Он поднял свою чашку последним. Шум стих, и присутствующие с интересом уставились на две кости мечника — одна показывала сиротскую двойку, другая победную единицу-джокер.
«Джокер-Микка. Теперь все в сборе», — Уги закрыл глаза и снова увидел собственную харчевню с дородной женушкой, со стайкой детей-погодков и долговязым поваром на кухне.
— Не радуйся слишком. Удача — девка ненадежная, — прошипел Мышиный Глаз, поднимаясь из-за стола.
— Как знать, — пожал плечами Уги, собирая выигрыш. — Что ж, пора спать. Завтра меня в Омане ждет новая жизнь.
Шагая под шум волн к палатке, где спали его товарищи, он не верил своей удаче. За месячное жалование в два томанера и полсотни медяков он рисковал жизнью целых два года, а тут такое везение. Сто три серебряных монеты приятно позвякивали в поясной сумке, и вместе с ними там лежало его будущее. Всю дорогу от шатра он улыбался, словно деревенский юродивый, не в силах убрать с лица эту глупую и одновременно такую счастливую улыбку.
На шум шагов позади не успел обернуться. Сильнейший удар кастетом в висок мгновенно свалил с ног, лишив сознания.
Луна еще не взошла, и в кромешной тьме маячил лишь размытый силуэт нападавшего. Человек опустился на колени, обшарил карманы кожаных штанов. Не найдя ничего, принялся за пояс, и нащупав в сумке увесистую горсть серебра, удовлетворенно выдохнул.
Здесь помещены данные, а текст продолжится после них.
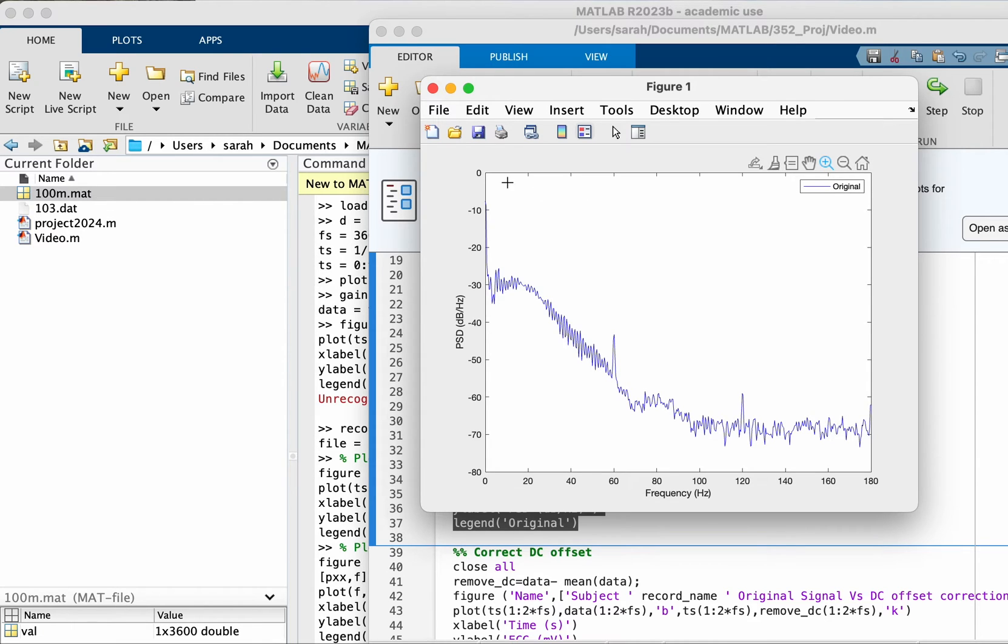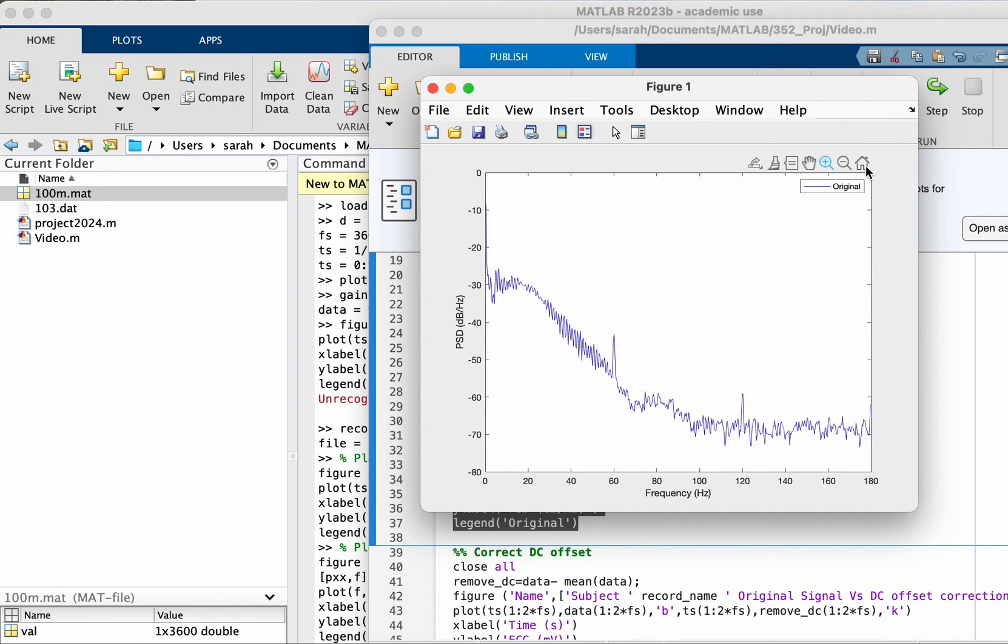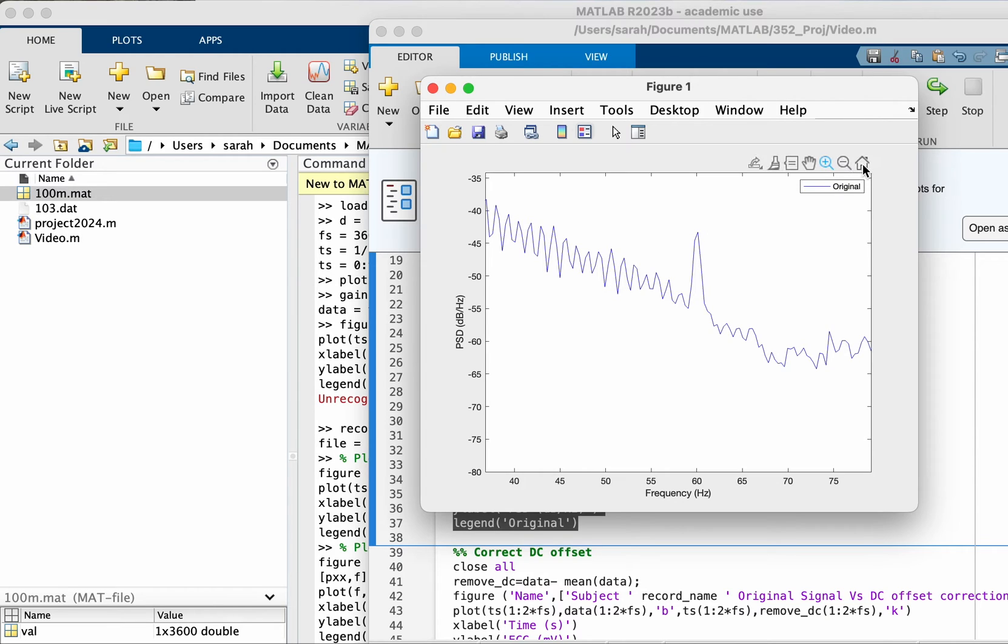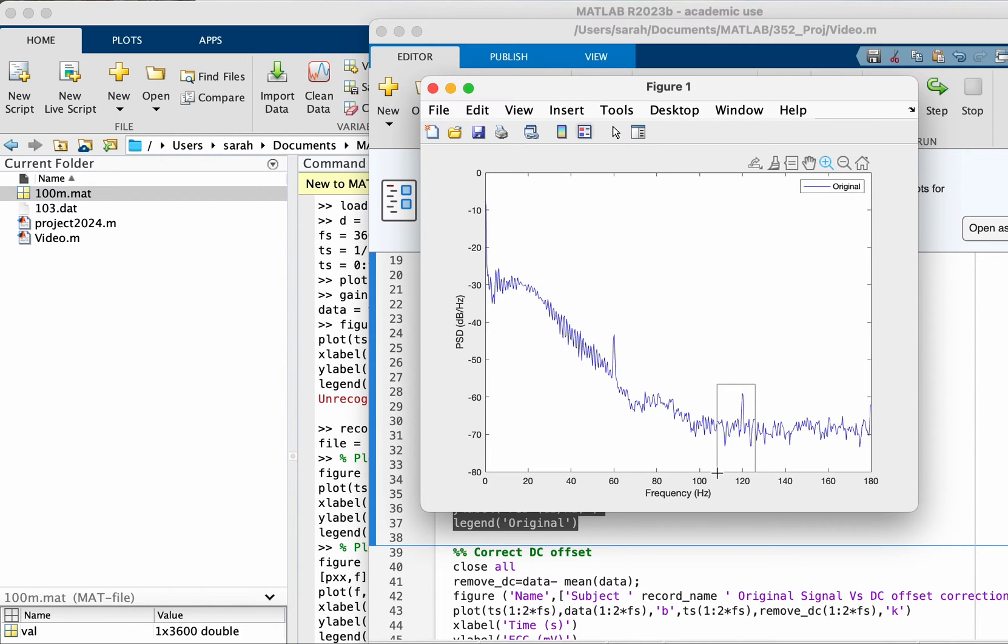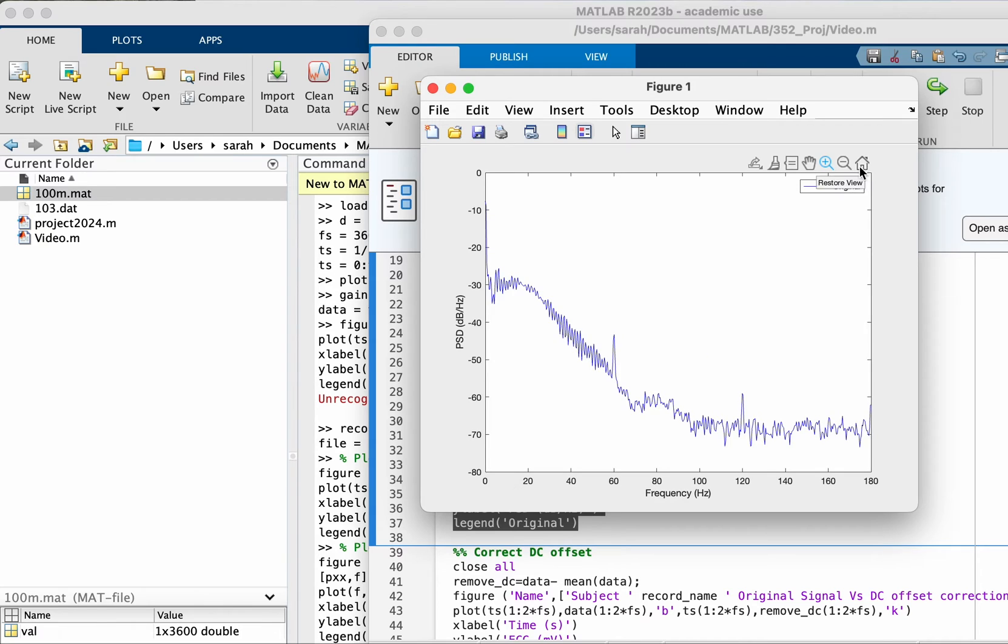For example, you can clearly see the DC offset at frequency zero, we're going to try to minimize this. You can see also that we have a peak here at 60, so this means the signal has power line interference. Obviously it would have low frequency noise and high frequency noise.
— Как ты говорил: «всяко бывает», вроде так? Воистину, деревенские парни годны лишь для тяжкого труда.
То был голос Мышиного Глаза. Отакиец повернулся к стоящему сзади и что-то сказал на островском. Тот ответил утвердительно и, крепко обхватив за плечи упавшего, перекинул на плечо. Мышиный Глаз подобрал фламберг.
— На галерах он не пригодится. Надеюсь, за такого молодого и крепкого хорошо заплатят. Да уж, всяко бывает.
* * *
Когда он пришел в себя, первое что увидел — густой утренний туман. Ноздри обожгла необычная смесь запахов соленого моря, недавно просмоленной древесины, чеснока из ближайшей таверны и гниющих водорослей, вросших в причальную стенку. Свист и гомон слился воедино и превратился в шум волн и рев толпы на многолюдной пристани. Новая торговая галера покидала Оманский порт.
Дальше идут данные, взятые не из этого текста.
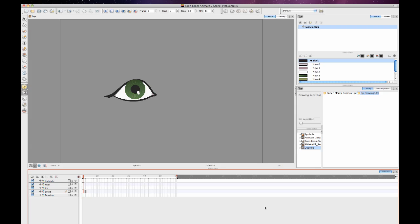Hi everyone. I just showed you how to rig an eyeball in Animate Pro and Harmony, and now I'm going to show you the same concept of how to do it in Animate.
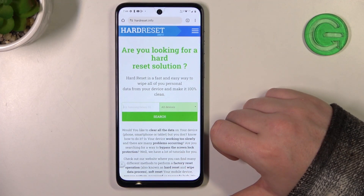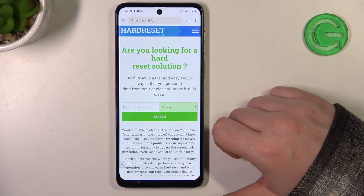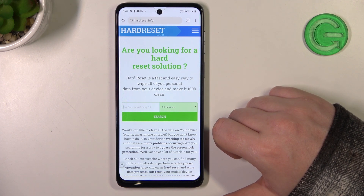Hello! In this video I want to show you how to add a website as a custom shortcut icon on your home screen in a Motorola Moto G54.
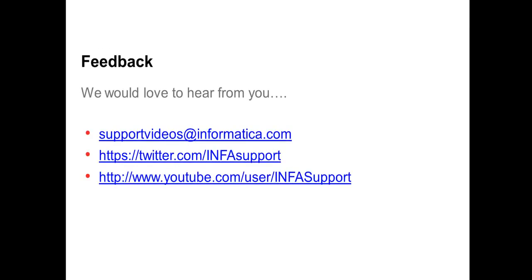We would love to hear from you. You can provide your feedback at support videos at informatica.com, tweet us at twitter.com/infosupport, or else you can provide your feedback on YouTube at youtube.com/user/infosupport. Thank you.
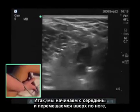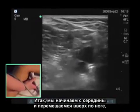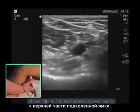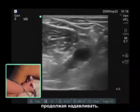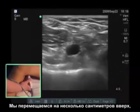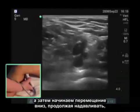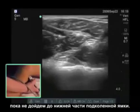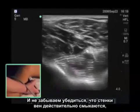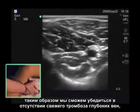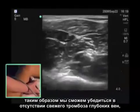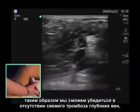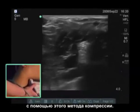We're going to start at mid-level and just work our way superiorly in the leg to the superior aspect of the popliteal fossa, compressing all the way. We go up a few centimeters, and then we start to move down the leg, compressing into the inferior aspect of the popliteal fossa. Making sure that those vein walls actually touch and meet each other so we know there's no deep vein thrombosis that's fresh, which would be high up in the popliteal fossa and difficult to see if we did not use this compression technique.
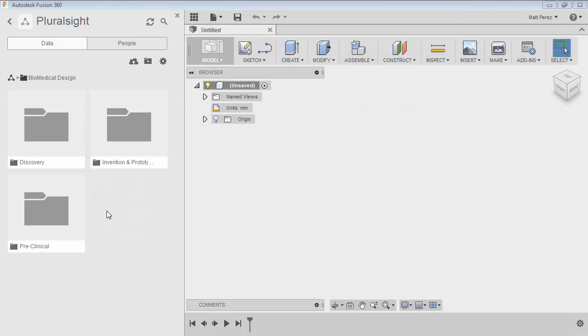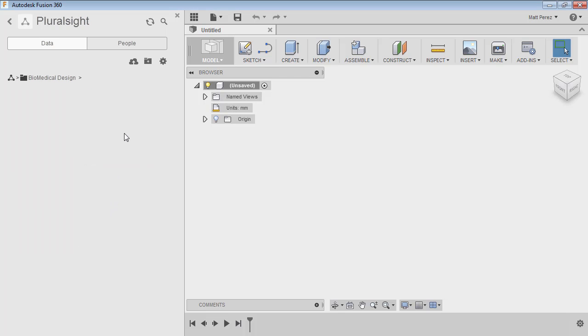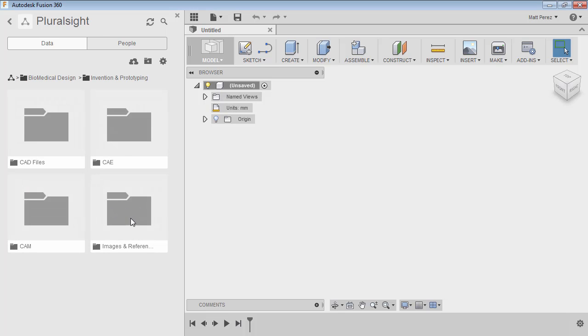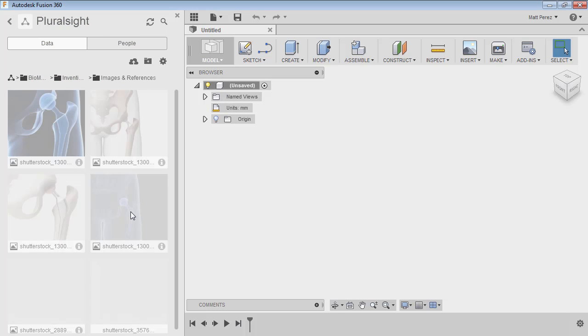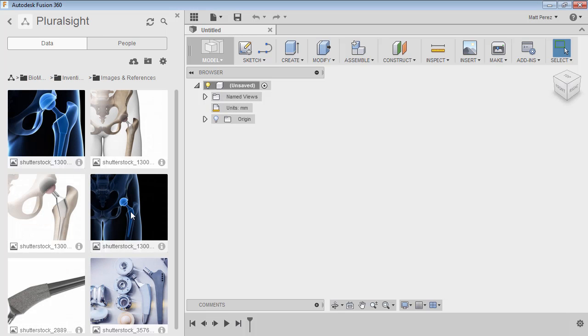We have our biomedical design folder that Chris has created. Inside invention and prototyping, we have images and references. These references are several images that were sent to us for different types of designs that we can possibly create—some good references and a good base direction for what we need to do.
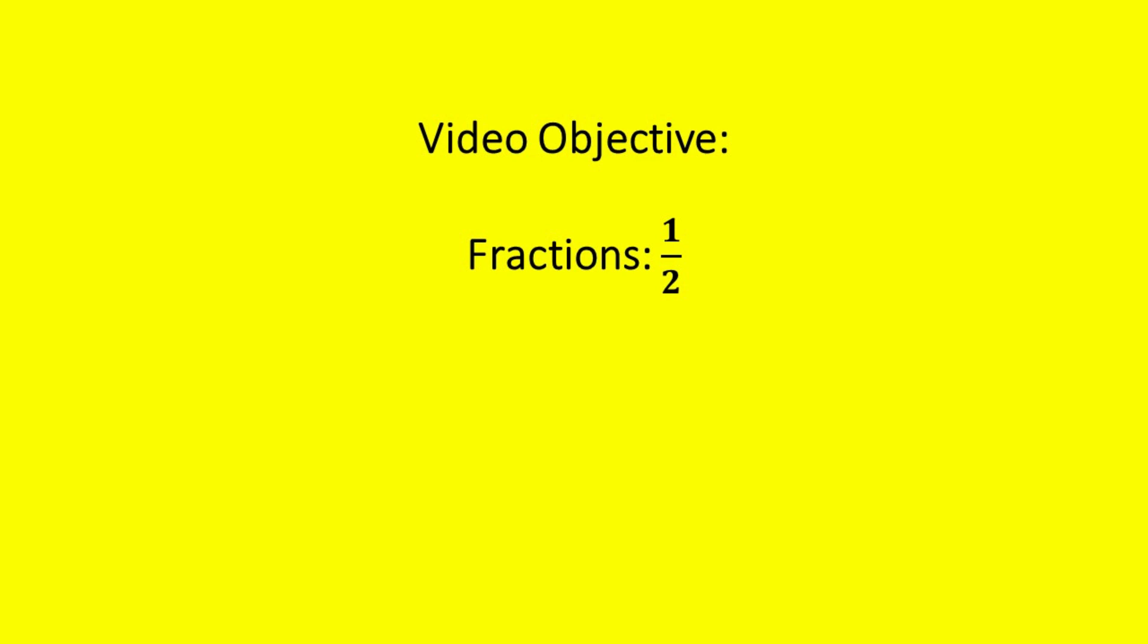Hello instructors! Let's investigate how to teach students about the fraction to represent one half.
Он очнулся на палубе, прикованный цепью к длинной двухметровой банке среди пятерых обожженных морским солнцем высохших человеческих тел. Перед ним огромное тяжелое весло, и беспощадное солнце над головой.
— Не спать, канальи! — услышал он рев надсмотрщика и визгливый свист кнута.
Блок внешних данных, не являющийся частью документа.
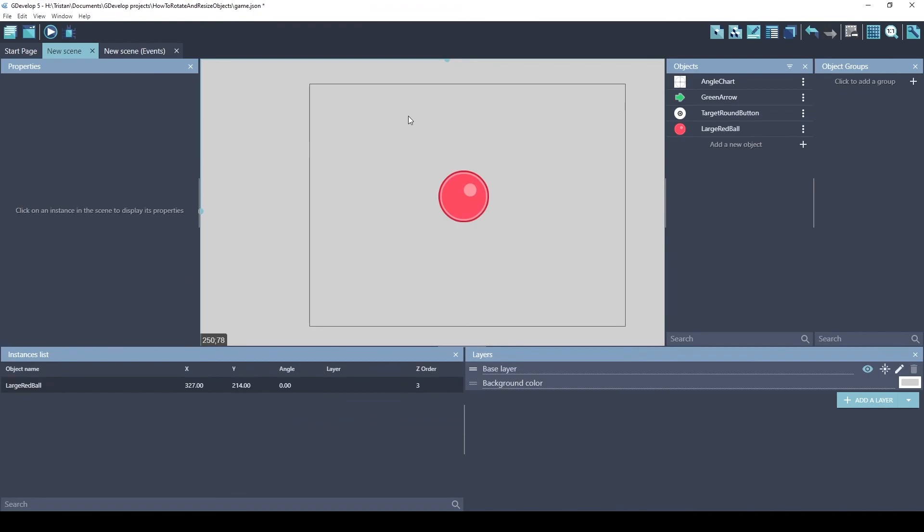All right. That's the basics of rotating and resizing objects in GDevelop. Thanks for watching.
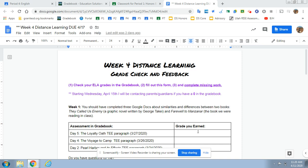Hey everyone, welcome to week four of distance learning. We're going to take a step back this week and do a grade check and I'm also asking for your feedback as we move forward.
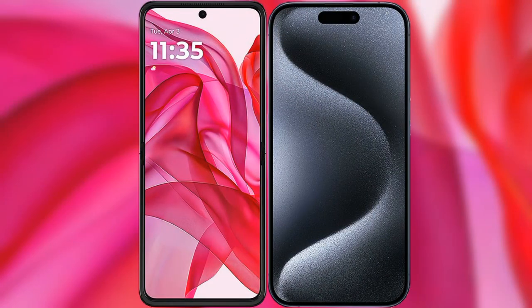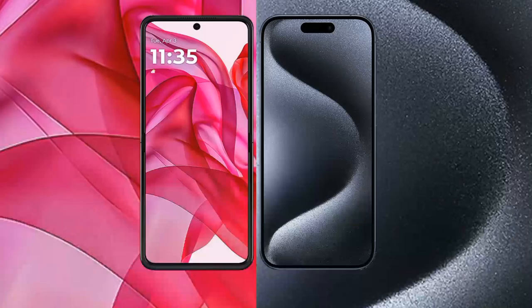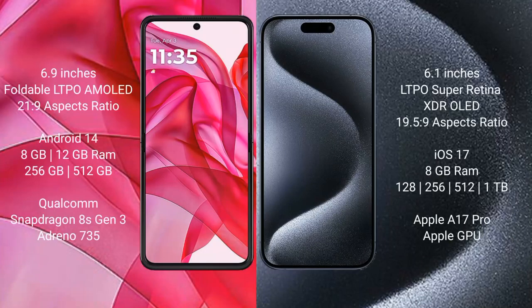I will compare the new Motorola Razr 50 Ultra with iPhone 15 Pro. Motorola Razr 50 Ultra comes with a 6.9-inch foldable LTPO AMOLED display at 6.0 plus 21:9 aspect ratio. iPhone 15 Pro has a 6.1-inch LTPO Super Retina XDR OLED display at 6.0 plus 19.5:9.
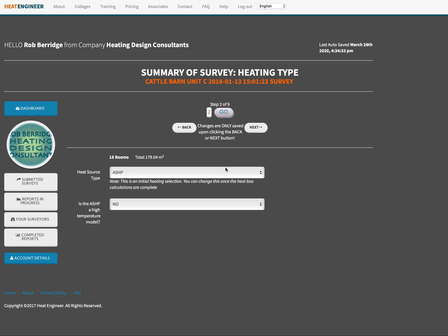Hi guys, Rob Berridge here from heatengineer.com. Just thought I'd do a tutorial video on our brand new flow calculation tool that we've got.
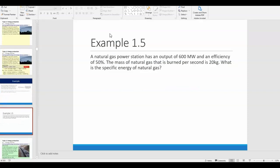Example 1.5: A natural gas power station has an output of 600 megawatts and an efficiency of 50%. The mass of natural gas burned per second is 20 kilograms. What is the specific energy of natural gas? Pause here and try to do example 1.5 on your own — think about what specific energy means, what the units should look like, and work from what you're given.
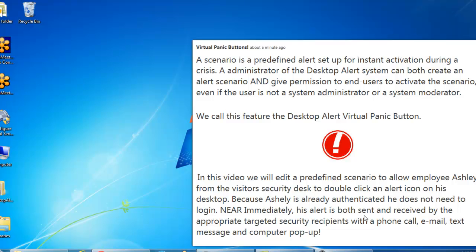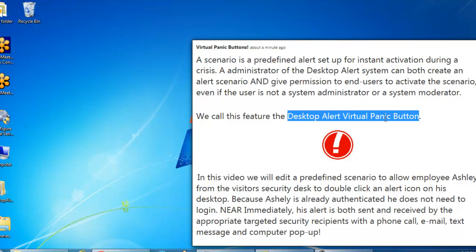A scenario is a predefined alert setup for instant activation during a crisis. The administrator of the desktop alert system can both create an alert scenario and give permission to end users to activate the scenario, even if the user is not a system administrator or a system moderator. We call this feature the desktop alert virtual panic button.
Бой барабана на корме задал гребцам ритм, и весло тяжело подалось вперед. Яростный скрежет зубов, хриплый стон уключин холодили кровь. Рядом с Уги обнажённый, весь в татуировках длиннокосый кочевник затянул мрачную, полную боли и отчаяния песню. Сливаясь с криками чаек, она полетела над палубой, и сто закованных в железо гребцов протяжно подхватили её.